Let $X$ be an embedding in to a smooth variety P such that $\dim(P) \geq \dim(X) +2$. Now, consider the closure of $X$, $\bar{X}$ and let $I$ be its ideal sheaf. Now, let $\eta_{X}$ be the generic point $\bar{X}$. Then, since $\bar{X}$ has codimension greater than 2, the $I_{\eta_X}$ is not principal. Why is this statemen true?
If not a proof, I would prefer an explicit example of the above result.
Consider the curve $C$
$x^2−y^3=0$ in $\mathbb A^3(K)$. Let $I$ be the ideal sheaf associated to the closed embedding $i$ of $C$ in $\mathbb A^3(K)$. Note, that it satisfies the hypothesis of the above result. Now the the generic point of $C$ is the ideal $(x^2−y^3,z)$. Now, I want to compute the stalk of $I$ at $p=(x^2−y^3,z)$.

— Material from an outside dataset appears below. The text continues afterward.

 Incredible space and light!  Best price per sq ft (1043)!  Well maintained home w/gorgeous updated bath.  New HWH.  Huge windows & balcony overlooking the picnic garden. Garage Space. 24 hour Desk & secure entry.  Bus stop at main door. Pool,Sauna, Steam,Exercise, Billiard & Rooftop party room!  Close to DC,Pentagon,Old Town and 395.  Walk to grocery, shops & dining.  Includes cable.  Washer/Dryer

I have following exact sequence $$0 \rightarrow I_p \rightarrow \mathcal{O}_{\mathbb A^3(K),p } \rightarrow i_{*} \mathcal{O}_{\mathbb A^3(K),p } \rightarrow 0$$
Now, how can I compute $i_{*}\mathcal{O}_{\mathbb A^2(K),p }$ and show $I_p$ is not a principal ideal?
Note: the above statement is in the page 18, Corollary22 proof of notes here
The claim follows from Krull's Hauptidealsatz.
Intuitively, the idea is that a single equation can cut out only an irreducible component (which for the smooth variety $P$ can only be $P$ itself, which is just cut out by the equation $0 = 0$), or a locus of codimension $1$. But your $\overline{X}$ is of codimension at least $2$.